Šimov ricorda peraltro la differenza tra gli imperi marittimi, come quello britannico che ha sempre avuto possedimenti lontani dalla patria, e quelli come la Russia, o anche la Cina, gli Asburgo e l’impero Ottomano, che si allargano “a morsi” sullo spazio terrestre. Questi imperi “continentali” si basano sullo stretto legame con la metropoli capitale, il nucleo da cui parte l’espansione, e a cui si riferiscono tutte le provincie; questo tipo di impero è rivolto sempre verso sé stesso, non si integra con altri popoli e altri culture, ma li sottomette e li adegua alla propria stessa identità, ed è proprio questo il senso del “sovranismo” che impone una gerarchia verticale di valori e di espressioni, altrimenti rischia di perdere sé stesso.
La culla di tutti gli imperi, la Roma antica, riassumeva entrambe le dimensioni, quella verticale e quella orizzontale, abbracciando l’intero mare Mediterraneo ed estendendosi nei diversi continenti, concedendo la cittadinanza anche a chi non aveva mai visto né la capitale, né il territorio originario dell’Italia, come accadde anche all’apostolo Paolo, fornendogli la giustificazione giuridica per evangelizzare la Roma pagana. La Russia ambisce a rinascere sempre come “Terza Roma”, russificando popoli e culture via terra e via mare, e nel mondo contemporaneo anche attraverso gli spazi virtuali dell’informazione e dell’attrazione artificiale.
Nella struttura attuale della Federazione Russa ci sono molti “relitti imperiali”, come afferma Sokolov, con incertezze nella definizione delle unità “sovranazionali” che s’intrecciano nelle oltre cento regioni russe, che si riferiscono spesso ai principi dinastici delle famiglie dei potenti, come in Siberia e in Asia centrale, o ai principi religiosi dell’Ortodossia e dell’Islam, con il retrogusto dell’ideologia sovietica “inversamente religiosa”, di cui rimangono tracce evidenti nei vertici dello Stato e nell’anima dei cittadini. In questo senso il principio imperiale è l’opposto di quello nazionale, e nella Russia di oggi questo appare evidente: Putin parla di “sovranismo” in senso imperiale, quando il “nazionalismo” si riferisce principalmente alle spinte separatiste dei popoli minori, o alla xenofobia dei movimenti russi della destra radicale.
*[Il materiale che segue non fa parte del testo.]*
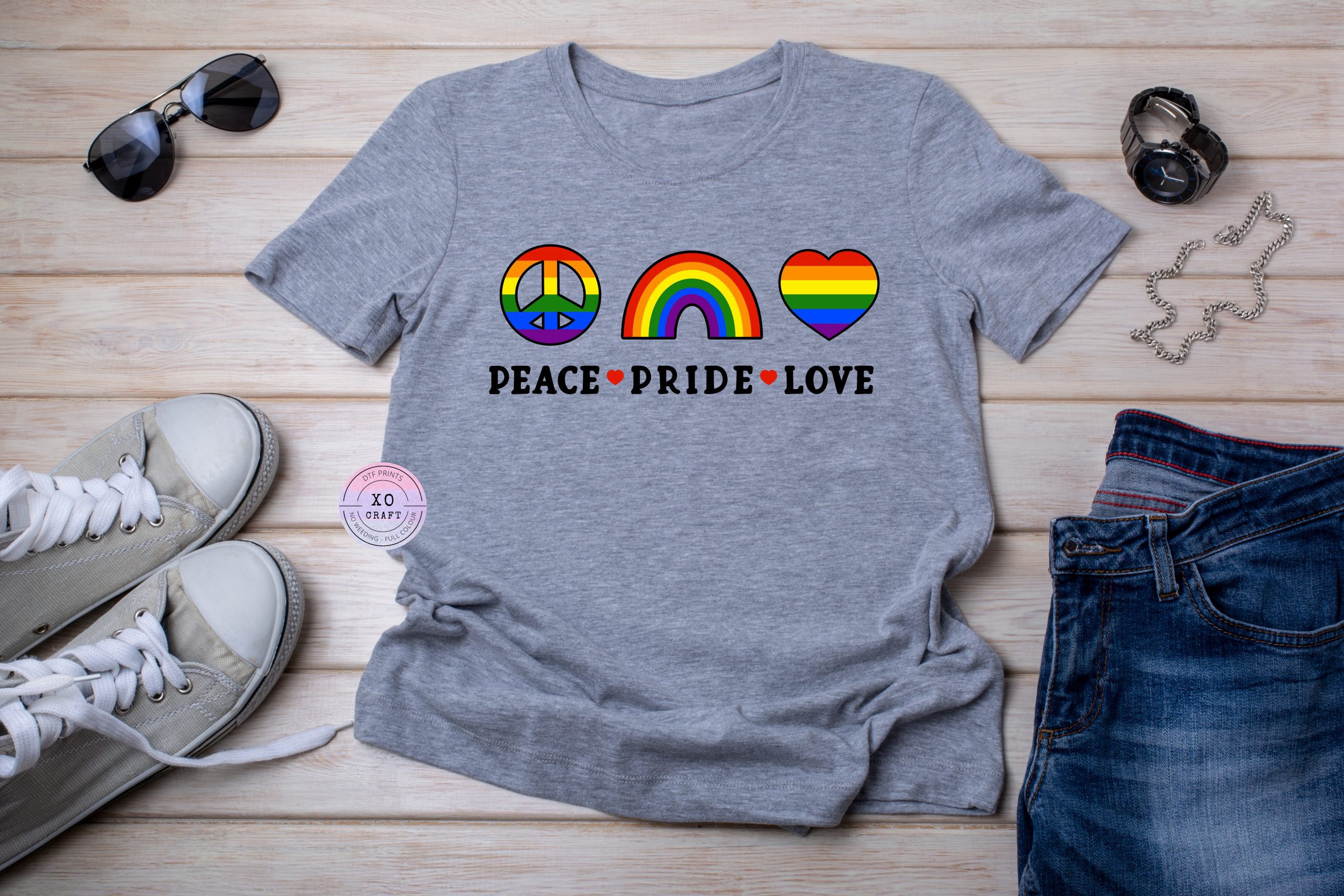 DTF – Peace Pride Love – XO CRAFT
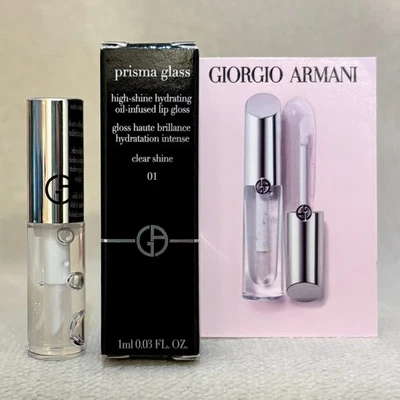 Giorgio Armani Prisma Glass Lip Gloss 01 Clear Shine Deluxe Sample .03oz 1ml NIB - Image 1 of 2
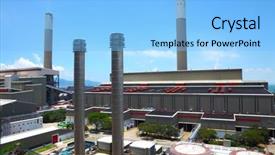  Presentation with electricity - Beautiful presentation featuring electricity plant backdrop and a light blue colored foreground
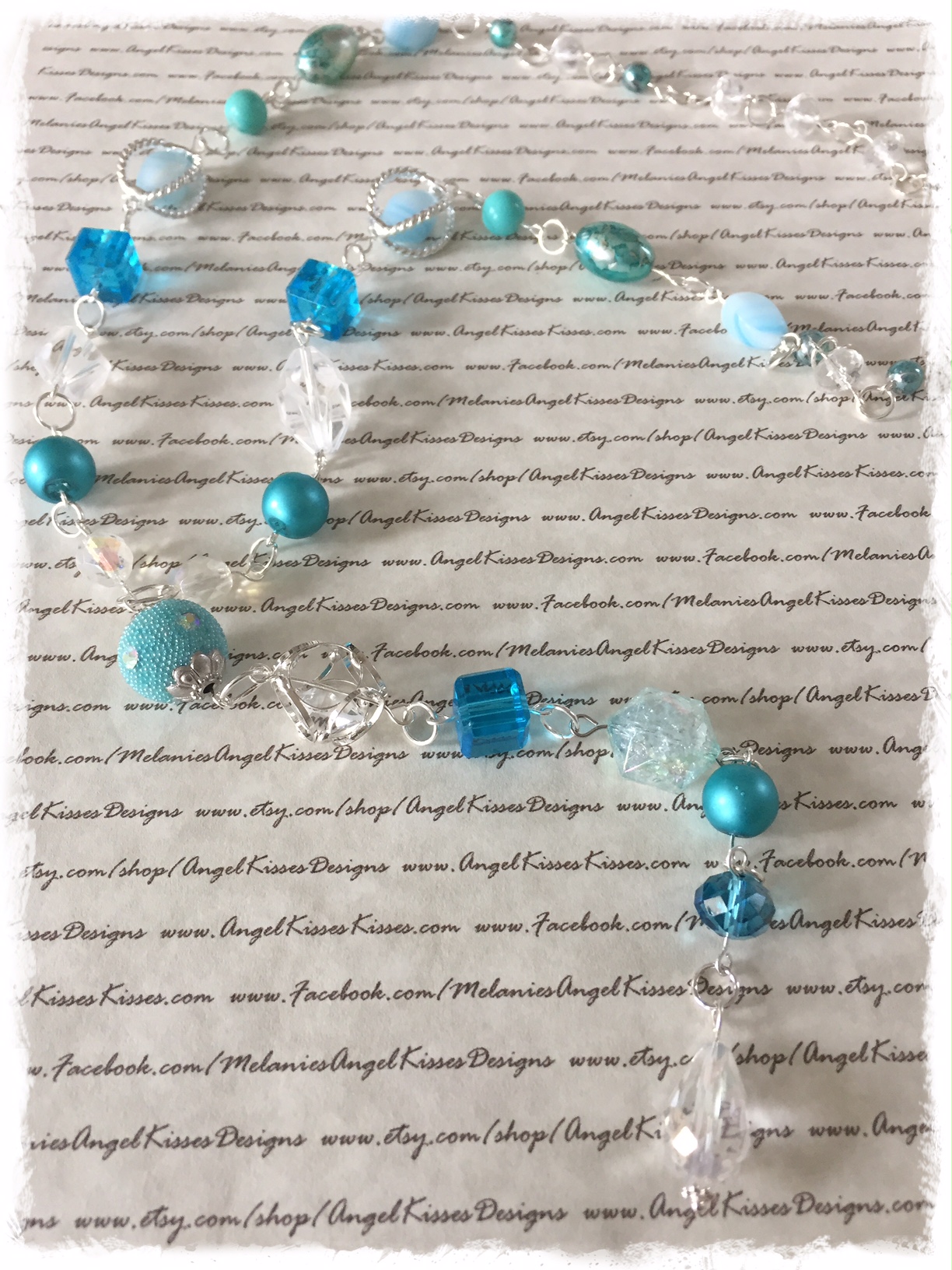 XL Beaded Aqua N Turquoise Ice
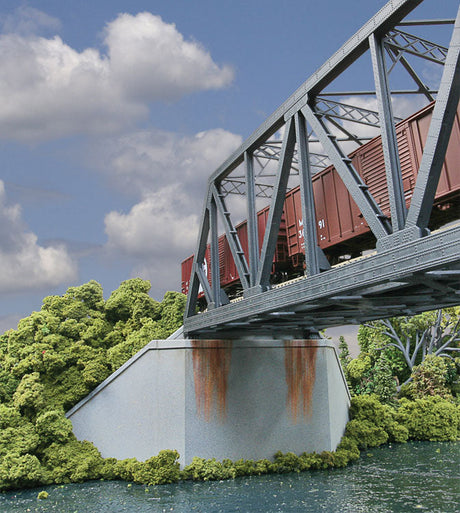 Double-Track Railroad Bridge Concrete Abutment pkg(2) -- Kit - 11-1/4 x 3-1/4 x 5-1/4"  28.6 x 8.3 x 13.3cm-1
La guerra per l’Ucraina è la guerra per l’impero, per quello che ne costituisce il “morso originario”, e Mosca non può staccare i suoi denti da Kiev, a prescindere dalle possibili trattative di pace che probabilmente cominceranno a svilupparsi nell’anno nuovo. La sovranità dell’Ucraina è la fine dell’impero russo, e l’identità ucraina sarà la vera scommessa per il futuro, non essendosi mai veramente definita nelle lotte passate tra gli imperi europei e la guerra fredda sovietica. I grandi imperi europei sono tutti scomparsi nel XX secolo, e con l’attuale svolta antiglobalista dell’America si ritira anche quello statunitense, che simbolicamente aveva messo fine alle sue pretese mondiali fin dall’abbandono dell’Afghanistan nel 2021. Rimane solo l’impero anacronistico della Russia, il sovranismo degli zombie che si aggirano per il pianeta, in cerca di qualche Paese da conquistare per poter trovare sé stessi.